West's books began to be published in the early 1980s,
but he wrote many of them in the late 1970s. During his mid-twenties, he left
Princeton, returned to Harvard as a Du Bois fellow to finish his dissertation,
and then began his first tenure-track teaching job as an assistant professor of
philosophy of religion at Union Theological Seminary in New York City. While a
Du Bois fellow, West married and had a son, Clifton. Both this marriage and a
later one ended in divorce.
While teaching at Union, West
concerned himself with "the major national progressive multiracial and religious
activity in the country in the 1970s." He also traveled to Brazil, Jamaica,
Costa Rica, Mexico, Europe, and South Africa, where he saw and involved himself
with intellectual and political progressive movements "reminiscent of our
1960s." In the early 1980s, West encountered Michael Harrington's Democratic
Socialists of America (DSA), an organization that shaped the version of
democratic socialism he would subsequently promote. West described the DSA in
Ethical Dimensions as "the first multiracial, socialist organization
close enough to my politics that I could join."
West wrote The Ethical
Dimensions of Marxist Thought during his time at Union, but it wasn't
published until 1991. In the book, he traced Karl Marx's intellectual
development to reveal how Marx incorporated the growing consciousness of history
in modern thought with values of individuality and democracy. West combined his
interests in Marxism and religion in his 1982 book Prophesy Deliverance!
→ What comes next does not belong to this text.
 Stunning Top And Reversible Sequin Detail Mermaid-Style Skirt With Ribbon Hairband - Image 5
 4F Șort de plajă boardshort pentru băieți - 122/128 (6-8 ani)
An
Afro-American Revolutionary Christianity, in which he shows the potential in
prophetic Christianity--and especially in aspects of the black church--for
meaningful opposition to racism and oppression.
In 1984 West assumed a
post at the Yale Divinity School that eventually became a joint appointment with
the institution's American Studies Department. He participated in a campus drive
for clerical unionism and against Yale's investments in South African companies
and was arrested and jailed during one campus protest. West viewed his political
actions at Yale as "a fine example for my wonderful son, Clifton," who had
become a progressive student body president in his predominantly black middle
school in Atlanta. The Yale administration punished West by canceling his leave
and requiring him to teach a full load of two courses in the spring of
1987.
Before his leave was canceled, West had already arranged to teach
African-American thought and American pragmatism at the University of Paris, so
in order to fulfill his responsibilities to both schools, he commuted to Paris
for his three courses there while teaching his two courses at Yale. He also
served as the American correspondent for Le Monde diplomatique at Yale.
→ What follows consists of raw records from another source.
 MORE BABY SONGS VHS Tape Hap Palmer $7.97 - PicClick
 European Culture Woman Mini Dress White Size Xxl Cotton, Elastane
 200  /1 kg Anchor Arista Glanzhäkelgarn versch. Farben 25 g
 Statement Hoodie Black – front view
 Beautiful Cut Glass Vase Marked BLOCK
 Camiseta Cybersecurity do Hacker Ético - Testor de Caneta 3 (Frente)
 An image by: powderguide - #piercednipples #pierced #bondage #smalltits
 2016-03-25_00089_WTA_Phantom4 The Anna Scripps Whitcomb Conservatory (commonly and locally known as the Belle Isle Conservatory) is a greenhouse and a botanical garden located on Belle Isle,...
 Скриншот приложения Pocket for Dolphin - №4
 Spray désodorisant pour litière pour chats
In 1988, West returned to Union; one year after that move, he accepted a
position at Princeton University as professor of religion and director of the
Afro-American Studies program. West continued to write and edit books on
philosophy throughout the 1980s and early 1990s. In his 1985 publication
Post-Analytic Philosophy, which he edited with John Rajchman, West
reflected on the crisis in American philosophy. Prophetic Fragments, an
essay collection published in 1988, is considered a tome of contemporary
cultural criticism, addressing such subjects as theology, sex, suicide, and
violence in America today. In 1991's Breaking Bread: Insurgent Black
Intellectual Life, coauthors West and bell hooks limit themselves to the
problems of creating black male-female dialogue and an effective black
intellectual community while suggesting practical solutions to communication
problems.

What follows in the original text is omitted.